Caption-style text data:
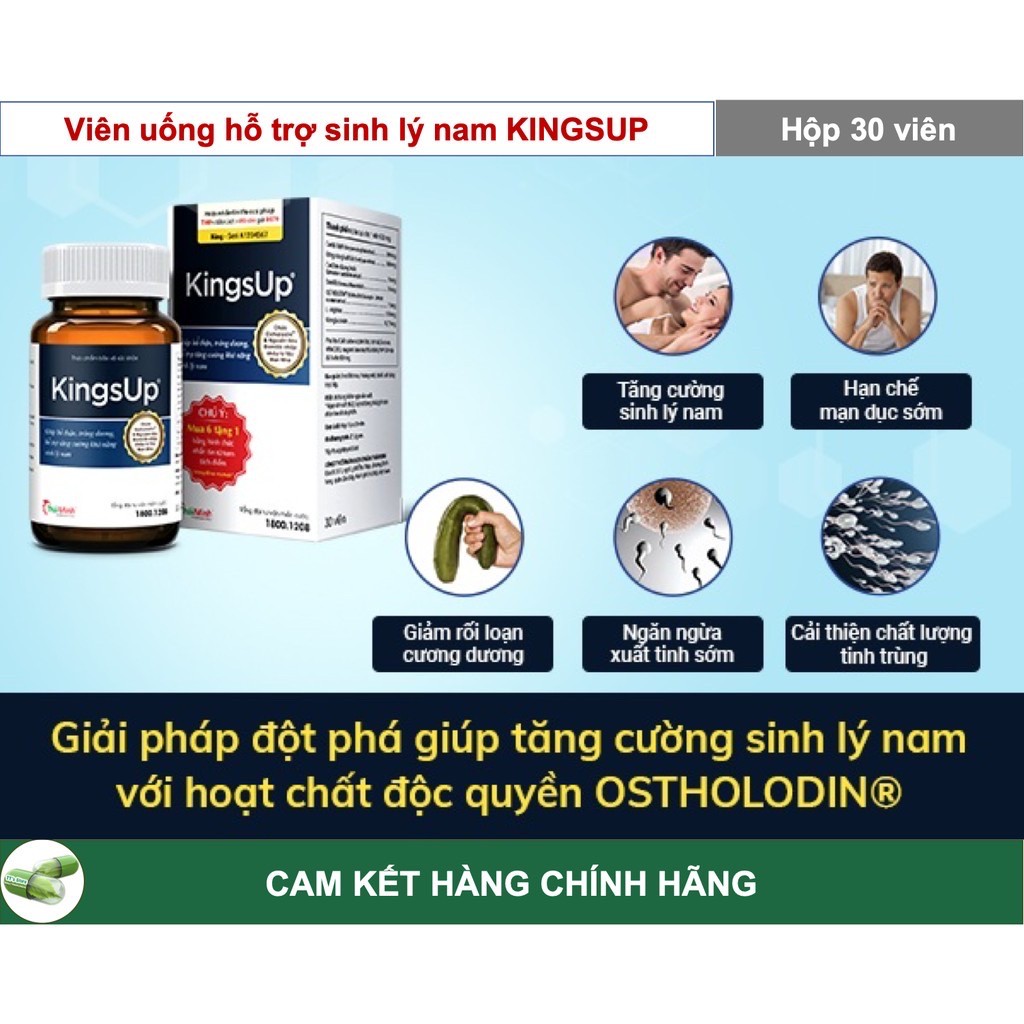 KINGSUP (Hộp 30 viên) Chính hãng Giúp tăng cường sức khỏe sinh lý cho nam giới Việt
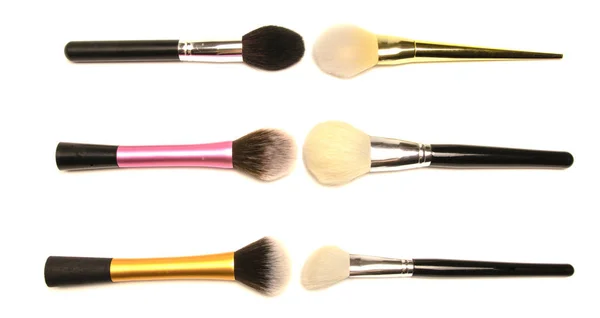 Makyaj Için Farklı Renkte Fırçalar — Stok fotoğraf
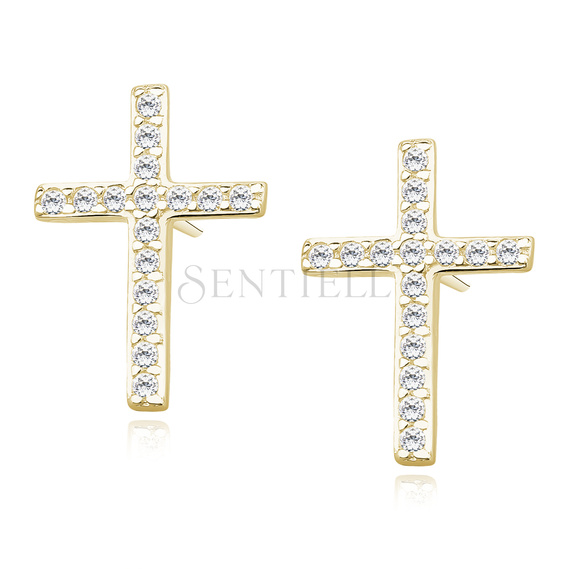 Silver (925) earrings with zirconia - crosses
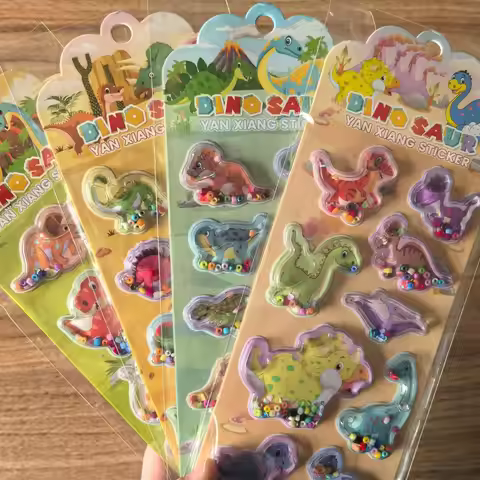 4Pack Dinosaur Shaker Stickers Interactive Sparkly Dino Decor Decals for Kids' Notebooks Stationery 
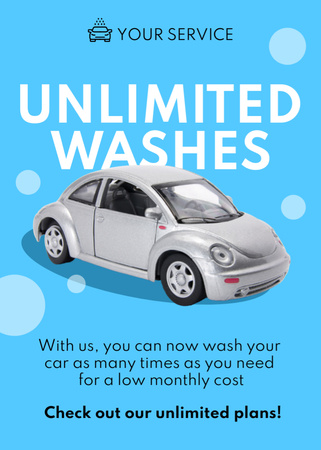 Ontwerpsjabloon van Flayer van Offer of Unlimited Car Washes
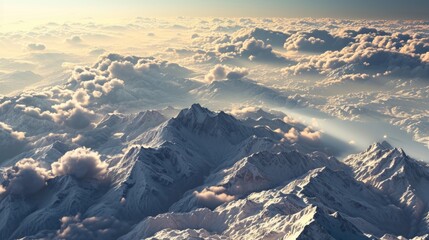 Obraz premium Striking mountain range under a glowing morning sky.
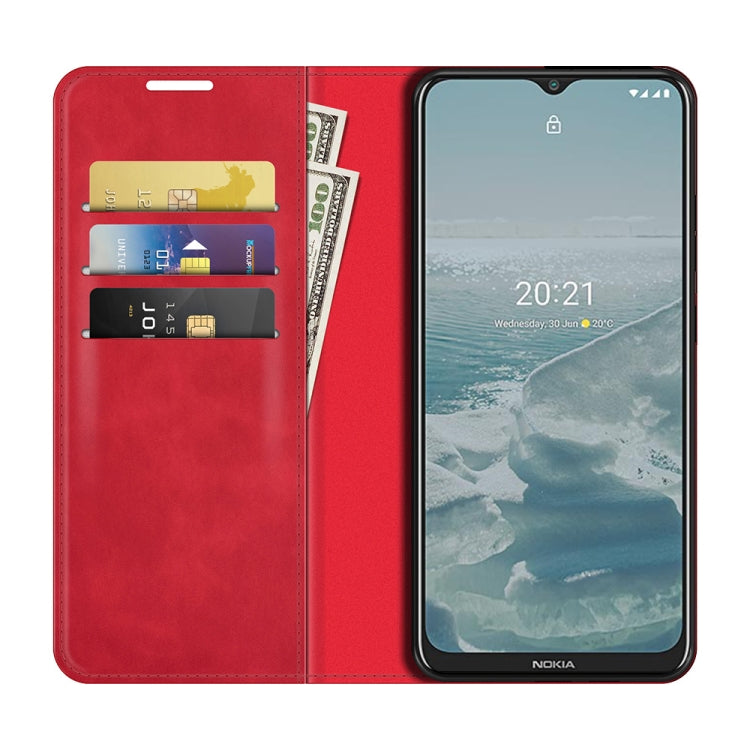 For Nokia G10/G20 Retro-skin Business Magnetic Suction Leather Case with Holder & Card Slots & Wallet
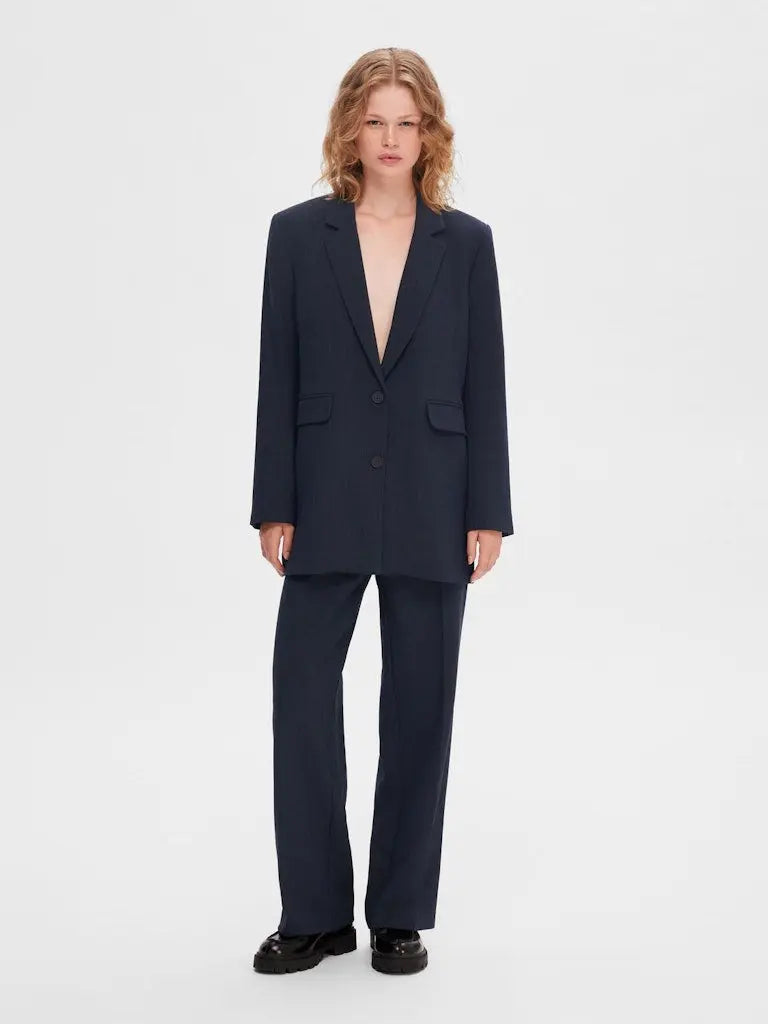 Rita Relaxed Blazer - Dark Sapphire Melange Selected Femme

_EXERCISE DIRECTIONS_
I'd like the lines above repeated exactly, from the one that contains "Makyaj Için Farklı" through the one that contains "Obraz premium Striking", with no pictures.

_TASK RESPONSE_
 Makyaj Için Farklı Renkte Fırçalar — Stok fotoğraf
 Silver (925) earrings with zirconia - crosses
 4Pack Dinosaur Shaker Stickers Interactive Sparkly Dino Decor Decals for Kids' Notebooks Stationery 
 Ontwerpsjabloon van Flayer van Offer of Unlimited Car Washes
 Obraz premium Striking mountain range under a glowing morning sky.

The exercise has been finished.